If you sit in your office, you don’t know what’s going on. You have to know the people in your facilities. And it’s not even just leadership. Leadership is very important, but I force myself to remember to make rounds.
We learned that they don’t want to see all of the documentation that the nurse does; they don’t need that, but there are certain pieces they do need. So we spend a lot of time doing a redesign to pull in exactly what they need without bombarding them with things they don’t need.
You cannot do anything without that infrastructure. I don’t care how well you plan; I don’t care what applications you have — if your infrastructure is not sound, then it’s not going to work. And believe me, that’s coming from the voice of experience.

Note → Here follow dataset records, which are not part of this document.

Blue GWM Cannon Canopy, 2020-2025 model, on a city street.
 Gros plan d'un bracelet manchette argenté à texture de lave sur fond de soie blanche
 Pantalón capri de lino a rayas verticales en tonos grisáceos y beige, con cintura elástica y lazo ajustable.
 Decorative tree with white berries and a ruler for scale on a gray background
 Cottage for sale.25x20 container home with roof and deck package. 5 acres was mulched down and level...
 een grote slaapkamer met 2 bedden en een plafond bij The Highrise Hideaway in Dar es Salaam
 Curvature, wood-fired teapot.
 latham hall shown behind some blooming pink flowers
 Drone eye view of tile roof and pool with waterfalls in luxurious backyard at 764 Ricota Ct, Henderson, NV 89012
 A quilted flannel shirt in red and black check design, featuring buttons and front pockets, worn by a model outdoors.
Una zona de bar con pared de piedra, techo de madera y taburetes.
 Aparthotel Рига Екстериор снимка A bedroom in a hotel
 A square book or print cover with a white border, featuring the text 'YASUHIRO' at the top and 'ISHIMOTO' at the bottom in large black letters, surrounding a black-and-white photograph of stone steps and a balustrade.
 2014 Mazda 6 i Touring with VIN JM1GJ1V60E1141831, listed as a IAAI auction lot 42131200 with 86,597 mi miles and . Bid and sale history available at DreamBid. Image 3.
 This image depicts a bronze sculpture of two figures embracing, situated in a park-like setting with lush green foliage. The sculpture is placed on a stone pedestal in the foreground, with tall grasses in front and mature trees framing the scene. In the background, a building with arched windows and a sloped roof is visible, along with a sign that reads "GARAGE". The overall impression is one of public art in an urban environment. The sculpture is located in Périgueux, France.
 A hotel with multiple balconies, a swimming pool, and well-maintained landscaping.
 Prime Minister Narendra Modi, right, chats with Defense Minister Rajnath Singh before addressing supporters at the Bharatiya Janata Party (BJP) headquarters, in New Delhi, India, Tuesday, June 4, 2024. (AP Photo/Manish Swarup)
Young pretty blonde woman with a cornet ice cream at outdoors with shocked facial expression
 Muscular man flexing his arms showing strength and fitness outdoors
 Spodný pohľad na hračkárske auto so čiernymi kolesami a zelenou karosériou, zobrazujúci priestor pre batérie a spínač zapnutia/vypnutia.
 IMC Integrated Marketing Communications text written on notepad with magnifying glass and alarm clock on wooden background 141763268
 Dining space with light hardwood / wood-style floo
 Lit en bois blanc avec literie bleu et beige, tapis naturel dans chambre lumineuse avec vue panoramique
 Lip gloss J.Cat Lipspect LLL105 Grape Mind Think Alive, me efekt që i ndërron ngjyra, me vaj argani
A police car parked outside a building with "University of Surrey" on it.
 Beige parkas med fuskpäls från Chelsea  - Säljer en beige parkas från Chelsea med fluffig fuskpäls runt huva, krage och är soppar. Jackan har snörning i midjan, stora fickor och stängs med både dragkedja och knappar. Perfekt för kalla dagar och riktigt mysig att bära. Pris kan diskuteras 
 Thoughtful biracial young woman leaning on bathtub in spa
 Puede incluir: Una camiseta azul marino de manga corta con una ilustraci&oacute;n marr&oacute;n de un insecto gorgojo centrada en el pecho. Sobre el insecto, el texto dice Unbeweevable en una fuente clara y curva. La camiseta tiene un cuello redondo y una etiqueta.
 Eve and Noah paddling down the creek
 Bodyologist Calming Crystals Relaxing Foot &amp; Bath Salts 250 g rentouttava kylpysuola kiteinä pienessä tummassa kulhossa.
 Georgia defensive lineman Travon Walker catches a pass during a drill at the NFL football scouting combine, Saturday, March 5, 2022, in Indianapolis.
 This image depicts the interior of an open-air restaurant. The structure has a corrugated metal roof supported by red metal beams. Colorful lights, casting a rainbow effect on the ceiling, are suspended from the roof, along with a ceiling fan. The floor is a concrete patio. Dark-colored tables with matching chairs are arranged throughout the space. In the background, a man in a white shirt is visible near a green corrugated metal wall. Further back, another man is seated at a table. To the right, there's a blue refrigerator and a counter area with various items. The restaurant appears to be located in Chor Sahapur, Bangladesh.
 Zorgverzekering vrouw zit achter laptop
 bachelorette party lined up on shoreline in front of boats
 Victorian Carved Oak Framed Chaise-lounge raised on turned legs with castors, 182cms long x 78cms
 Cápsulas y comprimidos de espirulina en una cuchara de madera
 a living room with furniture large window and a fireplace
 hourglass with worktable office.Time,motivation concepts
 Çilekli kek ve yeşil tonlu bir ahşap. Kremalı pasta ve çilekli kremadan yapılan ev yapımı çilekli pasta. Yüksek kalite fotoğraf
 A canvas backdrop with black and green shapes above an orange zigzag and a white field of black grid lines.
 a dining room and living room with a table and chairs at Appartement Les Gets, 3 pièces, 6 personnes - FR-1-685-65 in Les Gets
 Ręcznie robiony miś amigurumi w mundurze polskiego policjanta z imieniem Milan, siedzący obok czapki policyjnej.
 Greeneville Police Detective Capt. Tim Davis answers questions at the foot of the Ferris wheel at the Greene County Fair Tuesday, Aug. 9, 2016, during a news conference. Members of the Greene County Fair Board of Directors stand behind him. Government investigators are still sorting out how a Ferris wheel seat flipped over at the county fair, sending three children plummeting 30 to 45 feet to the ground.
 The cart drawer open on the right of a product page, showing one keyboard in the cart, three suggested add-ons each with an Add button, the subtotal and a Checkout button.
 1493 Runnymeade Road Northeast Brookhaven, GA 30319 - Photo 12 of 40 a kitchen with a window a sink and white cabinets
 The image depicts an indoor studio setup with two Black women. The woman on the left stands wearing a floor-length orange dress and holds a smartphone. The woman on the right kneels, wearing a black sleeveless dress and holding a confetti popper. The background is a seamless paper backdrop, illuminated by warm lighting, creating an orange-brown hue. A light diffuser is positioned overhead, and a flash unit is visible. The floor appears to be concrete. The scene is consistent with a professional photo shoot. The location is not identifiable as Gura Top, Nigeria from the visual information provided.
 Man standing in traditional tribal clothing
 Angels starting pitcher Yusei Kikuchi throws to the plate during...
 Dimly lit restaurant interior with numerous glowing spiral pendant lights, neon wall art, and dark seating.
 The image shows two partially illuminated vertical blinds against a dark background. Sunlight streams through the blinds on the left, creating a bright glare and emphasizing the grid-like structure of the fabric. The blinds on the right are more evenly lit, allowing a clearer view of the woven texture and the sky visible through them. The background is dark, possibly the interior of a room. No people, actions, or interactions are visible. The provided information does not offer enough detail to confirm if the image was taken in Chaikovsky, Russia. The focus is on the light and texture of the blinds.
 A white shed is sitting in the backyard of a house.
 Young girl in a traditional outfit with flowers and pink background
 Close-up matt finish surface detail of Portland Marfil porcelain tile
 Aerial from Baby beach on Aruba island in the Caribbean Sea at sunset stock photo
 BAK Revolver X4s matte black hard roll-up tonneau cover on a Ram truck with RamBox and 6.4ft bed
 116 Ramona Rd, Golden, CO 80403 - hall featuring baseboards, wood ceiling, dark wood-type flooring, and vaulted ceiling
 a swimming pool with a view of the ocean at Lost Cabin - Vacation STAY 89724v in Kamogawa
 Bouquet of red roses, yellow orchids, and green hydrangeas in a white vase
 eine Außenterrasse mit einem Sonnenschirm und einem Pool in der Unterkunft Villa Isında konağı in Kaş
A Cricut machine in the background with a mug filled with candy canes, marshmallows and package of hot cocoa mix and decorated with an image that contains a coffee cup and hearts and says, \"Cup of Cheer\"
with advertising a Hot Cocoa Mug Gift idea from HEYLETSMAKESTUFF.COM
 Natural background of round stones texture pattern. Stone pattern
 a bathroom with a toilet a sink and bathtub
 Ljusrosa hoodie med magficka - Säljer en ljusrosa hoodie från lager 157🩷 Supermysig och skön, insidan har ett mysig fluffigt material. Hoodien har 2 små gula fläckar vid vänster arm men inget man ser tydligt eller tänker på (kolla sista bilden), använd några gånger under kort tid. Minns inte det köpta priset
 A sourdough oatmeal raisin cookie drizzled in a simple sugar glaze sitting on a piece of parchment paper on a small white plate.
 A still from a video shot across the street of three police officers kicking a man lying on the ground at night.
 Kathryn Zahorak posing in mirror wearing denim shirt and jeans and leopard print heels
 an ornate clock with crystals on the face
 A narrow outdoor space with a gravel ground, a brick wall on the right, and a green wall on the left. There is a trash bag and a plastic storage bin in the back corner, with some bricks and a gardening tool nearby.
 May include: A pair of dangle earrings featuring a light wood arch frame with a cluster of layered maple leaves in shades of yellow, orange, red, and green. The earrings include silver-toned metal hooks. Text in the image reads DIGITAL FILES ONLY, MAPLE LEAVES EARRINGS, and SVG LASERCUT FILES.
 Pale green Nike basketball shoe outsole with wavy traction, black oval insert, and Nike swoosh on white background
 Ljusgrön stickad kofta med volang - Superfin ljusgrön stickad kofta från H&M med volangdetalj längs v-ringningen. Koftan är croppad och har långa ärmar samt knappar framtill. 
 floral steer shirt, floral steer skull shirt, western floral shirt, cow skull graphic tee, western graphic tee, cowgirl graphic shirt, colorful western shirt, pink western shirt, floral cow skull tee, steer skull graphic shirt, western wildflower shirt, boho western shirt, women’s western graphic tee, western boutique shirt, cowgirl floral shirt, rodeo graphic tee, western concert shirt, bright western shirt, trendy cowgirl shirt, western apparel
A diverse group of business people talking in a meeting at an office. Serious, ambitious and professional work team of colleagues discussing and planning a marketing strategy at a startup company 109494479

We spent a lot of time and a lot of money looking at what we had. At one point we thought that we needed to rip things out and start over again — that ended up not being the case, but we did spend a lot of time doing analysis, adding access points, and getting stable.
Guerra: In terms of your CPOE journey, I read you’re planning to attest at the end of this year.
Sims: For stage 1, yes, we’re going to attest for the end of 2012.
Guerra: So you’re on track for that?
Sims: We are on track for that. We’re feeling pretty good about that right now.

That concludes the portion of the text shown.